Reading across the curriculum
At Kingsmeadow, we value reading as an important life skill and a vital element of the secondary curriculum; indeed, it is a gateway to success in all subjects.
We seek to enable students to develop their skill and love of reading through varied experiences which allow them to explore a range of perspectives, ideas and cultures.
A number of strategies, detailed below, are in place to ensure that reading is prioritised at Kingsmeadow in terms of both wellbeing and academic progress, and students are rewarded for their reading resilience.
Our Tutor Read Aloud Programme enables every tutor group to read together at least once a week as part of Thrive. Each tutor group is allocated a set text, and tutors, or other adults, read this text aloud while students follow in their own book. Readers model how we navigate texts, and the group is able to invest in the stories as part of a shared experience. The books have been carefully selected to be age appropriate, challenging and enjoyable, and include fiction and nonfiction titles such as ‘The Hobbit’, ‘The Boy in the Striped Pyjamas’, ‘The Penguin Lessons’, ‘1984’ and ‘Noughts and Crosses’.
Tutor groups complete a Word of the Week activity in which students explore the etymology of a word before collaborating on a sentence and entering it into the Word of the Week competition. This initiative allows students to explore and expand the vocabulary they use across the curriculum, enabling them to access more sophisticated texts in all subjects, as well as developing their written and spoken precision.
Students in Years 7 and 8 have a reading lesson built into their timetable, in addition to their English curriculum time, to enable them to take part in the Accelerated Reader programme. This again supports students to read widely, while tracking and supporting their progress via STAR tests and in-class interventions. This is complemented by the Lexia online literacy programme for students who require additional reading support.
All staff take part in literacy training as part of the whole school CPD programme. Often rooted in research from the Education Endowment Fund (EEF), these sessions focus on strategies to support reading fluency, decoding, comprehension skills, word consciousness and embedding effective classroom dialogue in the classroom. Furthermore, department leads ensure that reading texts adequately challenge students in order to prepare them for the rigour of external examinations.

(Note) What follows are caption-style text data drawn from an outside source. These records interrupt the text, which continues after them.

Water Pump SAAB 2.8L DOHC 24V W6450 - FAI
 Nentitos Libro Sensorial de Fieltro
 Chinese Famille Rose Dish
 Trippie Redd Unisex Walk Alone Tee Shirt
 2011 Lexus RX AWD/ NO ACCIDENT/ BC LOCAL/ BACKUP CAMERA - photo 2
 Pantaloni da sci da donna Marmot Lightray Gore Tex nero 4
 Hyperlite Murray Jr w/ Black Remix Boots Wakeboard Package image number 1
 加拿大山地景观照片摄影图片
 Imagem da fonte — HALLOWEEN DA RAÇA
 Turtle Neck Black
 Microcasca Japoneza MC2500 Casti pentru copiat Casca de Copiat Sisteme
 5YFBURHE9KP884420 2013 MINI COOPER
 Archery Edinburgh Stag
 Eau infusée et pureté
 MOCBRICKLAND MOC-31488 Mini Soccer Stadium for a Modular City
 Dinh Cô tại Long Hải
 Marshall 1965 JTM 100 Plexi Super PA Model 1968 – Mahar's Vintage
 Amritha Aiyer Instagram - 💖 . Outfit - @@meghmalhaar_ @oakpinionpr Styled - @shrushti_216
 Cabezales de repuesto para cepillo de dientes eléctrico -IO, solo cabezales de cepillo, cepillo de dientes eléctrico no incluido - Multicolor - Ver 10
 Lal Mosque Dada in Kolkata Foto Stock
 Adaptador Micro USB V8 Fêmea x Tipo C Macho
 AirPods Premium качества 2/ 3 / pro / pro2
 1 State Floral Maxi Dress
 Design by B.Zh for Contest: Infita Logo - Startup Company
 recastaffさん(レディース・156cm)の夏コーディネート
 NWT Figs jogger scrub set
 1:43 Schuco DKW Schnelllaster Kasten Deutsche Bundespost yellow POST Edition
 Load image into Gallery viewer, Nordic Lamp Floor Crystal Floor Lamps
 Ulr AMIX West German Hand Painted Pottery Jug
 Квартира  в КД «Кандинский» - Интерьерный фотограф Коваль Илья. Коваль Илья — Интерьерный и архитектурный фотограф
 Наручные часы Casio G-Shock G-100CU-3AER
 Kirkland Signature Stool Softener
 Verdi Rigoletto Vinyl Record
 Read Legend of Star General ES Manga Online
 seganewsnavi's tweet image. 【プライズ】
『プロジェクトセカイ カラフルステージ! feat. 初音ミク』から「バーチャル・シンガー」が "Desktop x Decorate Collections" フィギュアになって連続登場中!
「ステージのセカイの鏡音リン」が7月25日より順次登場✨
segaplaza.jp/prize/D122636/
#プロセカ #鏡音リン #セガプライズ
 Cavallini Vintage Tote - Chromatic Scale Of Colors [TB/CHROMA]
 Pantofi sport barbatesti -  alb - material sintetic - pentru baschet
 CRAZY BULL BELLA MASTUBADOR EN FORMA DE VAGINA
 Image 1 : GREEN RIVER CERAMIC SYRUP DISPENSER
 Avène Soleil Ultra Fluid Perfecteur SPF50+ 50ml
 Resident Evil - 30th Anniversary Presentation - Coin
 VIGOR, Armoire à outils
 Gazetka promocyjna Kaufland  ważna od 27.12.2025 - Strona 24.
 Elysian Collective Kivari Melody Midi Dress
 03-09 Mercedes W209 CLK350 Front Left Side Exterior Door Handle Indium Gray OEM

All staff have access to reading age data and can, therefore, provide in class support where needed, and can direct students appropriately where they require additional challenge.
Our bi-weekly creative writing and book clubs offer students the opportunity to develop their creative literacy skills in a welcoming environment at the end of the normal school day.
All Key Stage 3 students are assessed using the New Group Reading Test (NGRT) and, in conjunction with data from KS2 SATS and Accelerated Reader, those identified as not reading at their chronological age are assigned a reading mentor who meets with them weekly, in small groups, to develop their reading fluency and comprehension skills. Students who are significantly below their chronological reading age are phonics tested and, where applicable, they will begin to follow the ‘Reading Quest’ phonics programme three times a week. We also use the NGRT to help us identify students who may find it difficult to access GCSE content.